**REQUIRED WORK:** Below are some entries. Transcribe the lines from the one holding "LES GALOPINS DIONYSIENS" to the one holding "2021 Honda Civic Sedan LX", inclusive, but not the pictures among them.

**DATA PROVIDED:**
'''

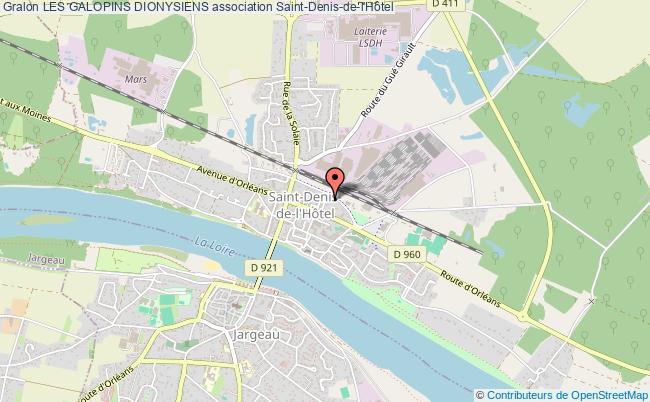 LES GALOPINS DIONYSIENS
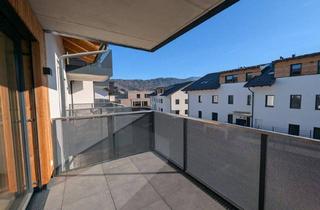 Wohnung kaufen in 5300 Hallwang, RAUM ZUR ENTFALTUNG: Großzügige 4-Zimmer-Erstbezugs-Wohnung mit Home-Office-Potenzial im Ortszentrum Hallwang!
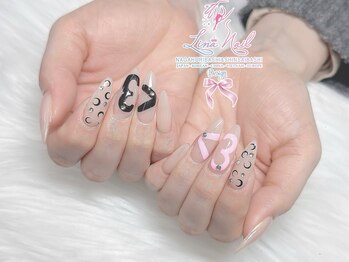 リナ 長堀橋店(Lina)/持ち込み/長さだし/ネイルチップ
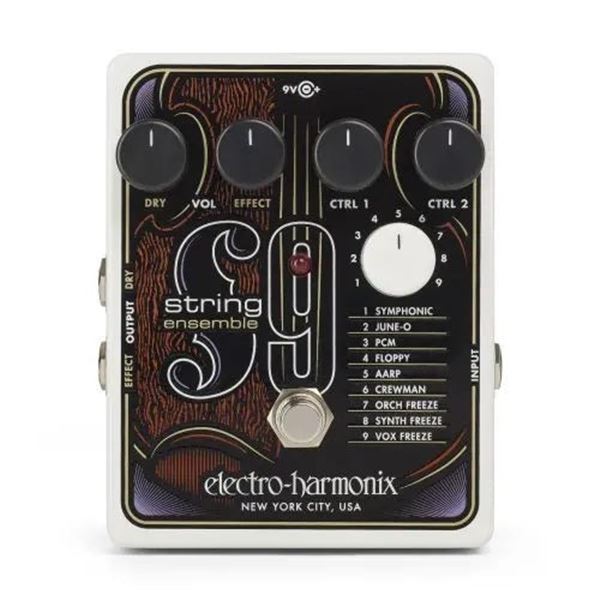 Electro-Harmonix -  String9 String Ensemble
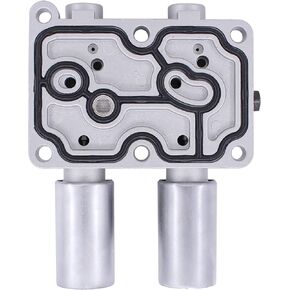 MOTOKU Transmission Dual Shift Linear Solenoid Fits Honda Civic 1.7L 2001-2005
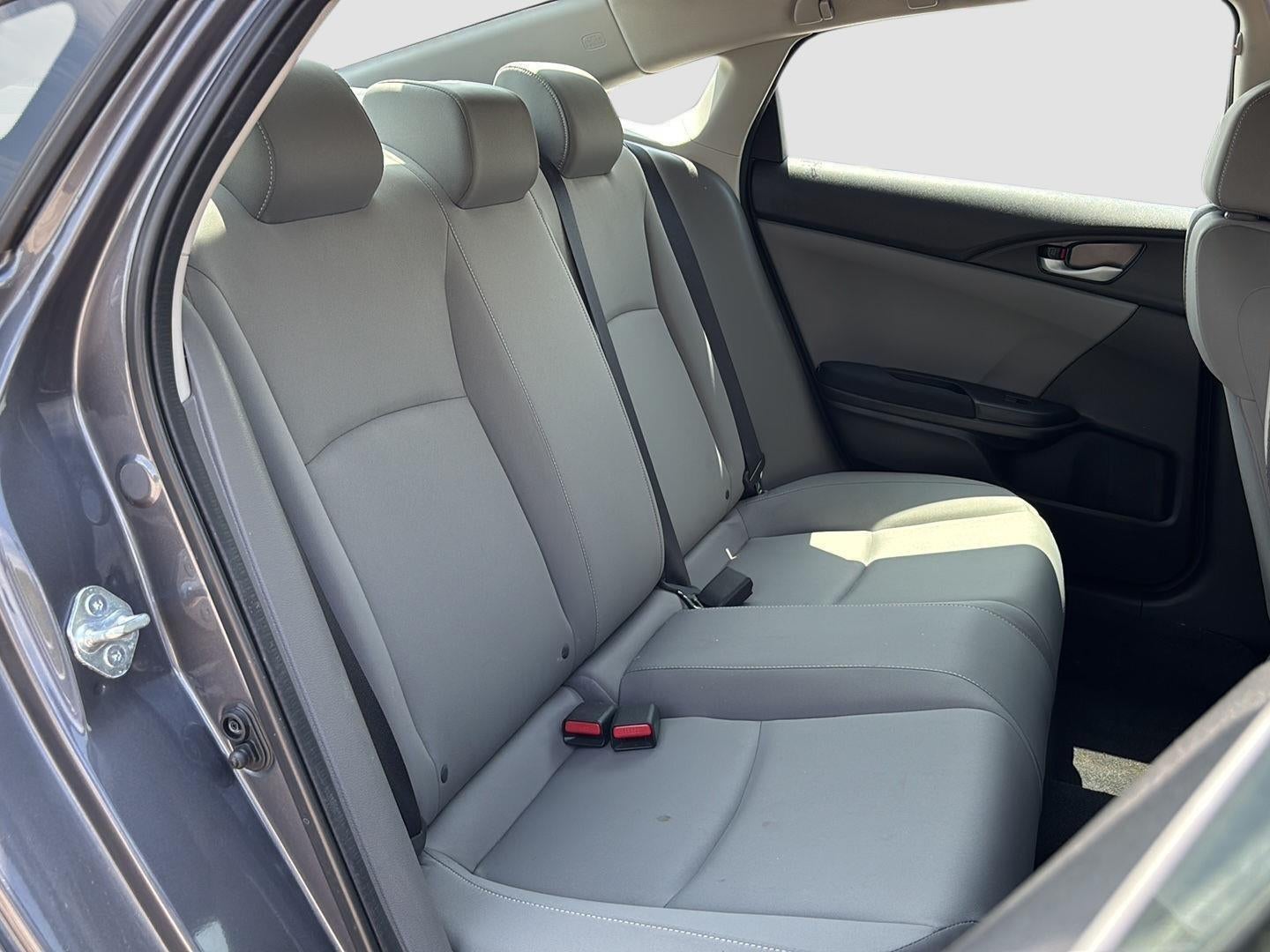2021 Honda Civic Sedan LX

'''
'''

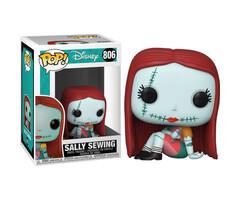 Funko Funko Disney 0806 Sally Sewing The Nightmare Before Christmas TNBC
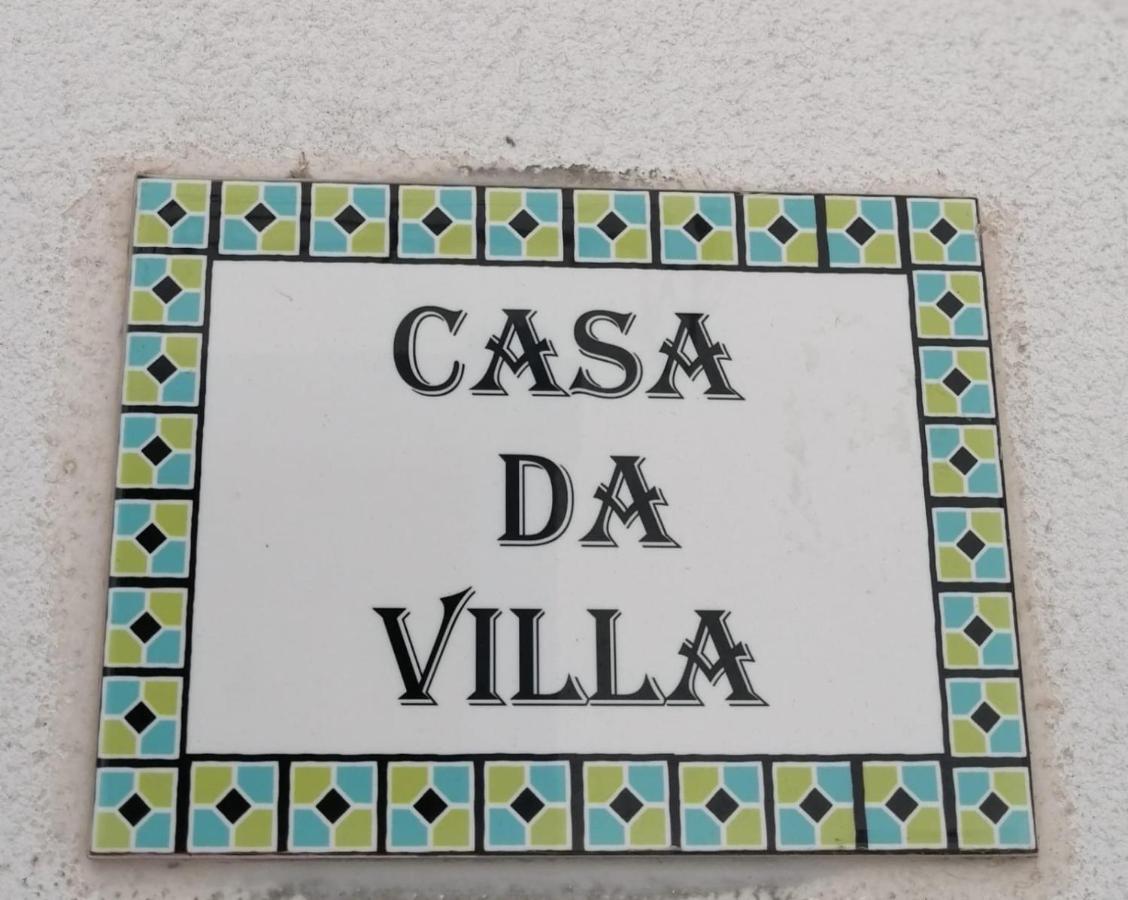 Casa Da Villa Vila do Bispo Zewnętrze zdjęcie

'''
'''

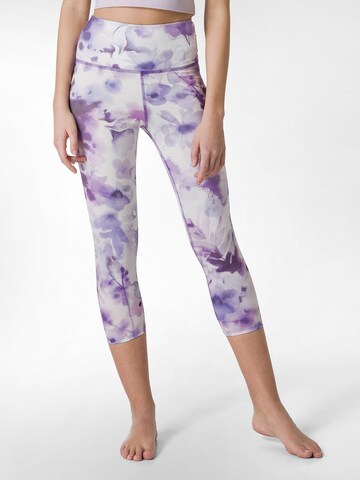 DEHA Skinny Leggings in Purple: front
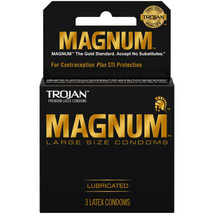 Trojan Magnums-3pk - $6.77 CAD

'''

**SOLUTION TO THIS EXERCISE:**
 LES GALOPINS DIONYSIENS
 Wohnung kaufen in 5300 Hallwang, RAUM ZUR ENTFALTUNG: Großzügige 4-Zimmer-Erstbezugs-Wohnung mit Home-Office-Potenzial im Ortszentrum Hallwang!
 リナ 長堀橋店(Lina)/持ち込み/長さだし/ネイルチップ
 Electro-Harmonix -  String9 String Ensemble
 MOTOKU Transmission Dual Shift Linear Solenoid Fits Honda Civic 1.7L 2001-2005
2021 Honda Civic Sedan LX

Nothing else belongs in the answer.